Central banks should focus on banking not money

 

Central banks confront the kind of scenario outlined in The Money Trap. In the book, I anticipated a world of generalised deflation, with zero nominal rates on risk-free assets.  At the time of publication, in 2012, this seemed unlikely, to say the least. But it is materialising. The challenge now is to seize the chance to recast our money and banking systems.

We have a golden opportunity to reform. We must get central banks to withdraw from activist monetary policies that do no good and mandate them instead to focus on banking stability and ending too-big-to-fail.

What is stopping it?

Partly a fear of what might happen to asset prices if artificial monetary stimulus were to be withdrawn. The central banks are part of the problem. So are the politicians. They like to pretend they can hold central banks to account, when we all know they are subject to global forces over which they have little control.

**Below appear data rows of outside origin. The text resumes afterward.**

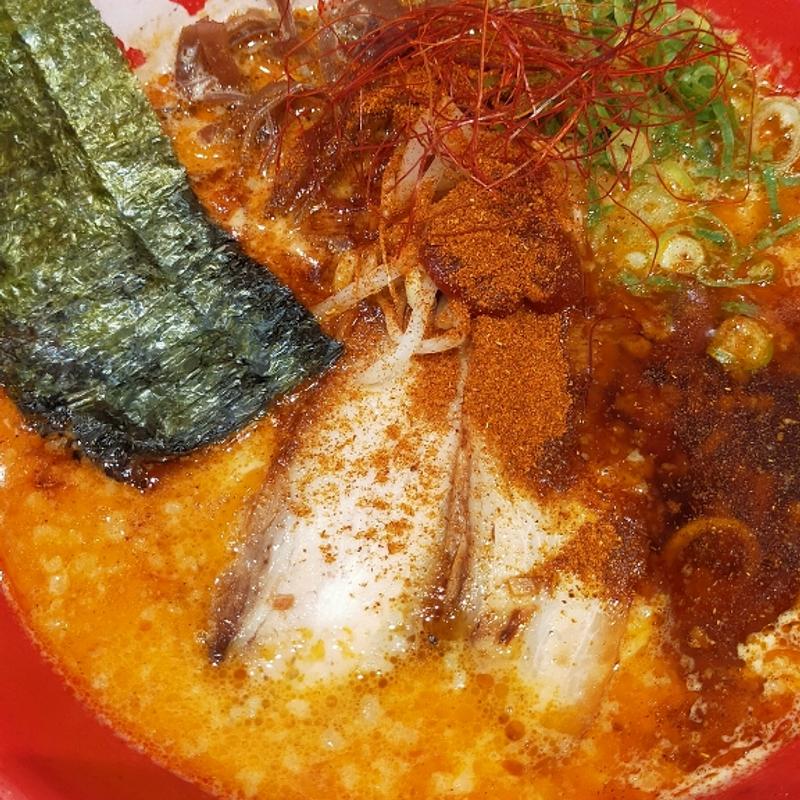 極オニ辛牛白湯ラーメン(ラーメン まこと屋 堺泉北大庭寺店)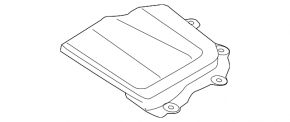 Plug cover for convertible roof left BMW 4 F33 14-20 convertible, black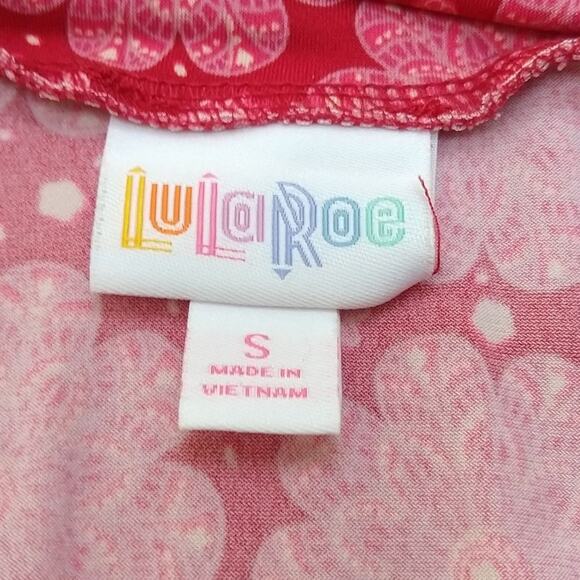 LuLaRoe Azure Womens Skirt Size Small Pink Floral - Picture 5 of 5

Giving up illusions of the benefits of active monetary policies is essential if we are to forge a better monetary system. There is no point in having independent central banks when all they do under their current mandates is to fight currency wars that make us all worse off.

But if inflation targeting and activist monetary policies are to be  thrown away, what can replace them?

This is where the current deflation and zero rates help. They prepare the way for what we really need. This is a currency suited for investors and real investment.

The big step is to shift the objectives of central banks from inflation targeting  to managing the reform of banking and finance.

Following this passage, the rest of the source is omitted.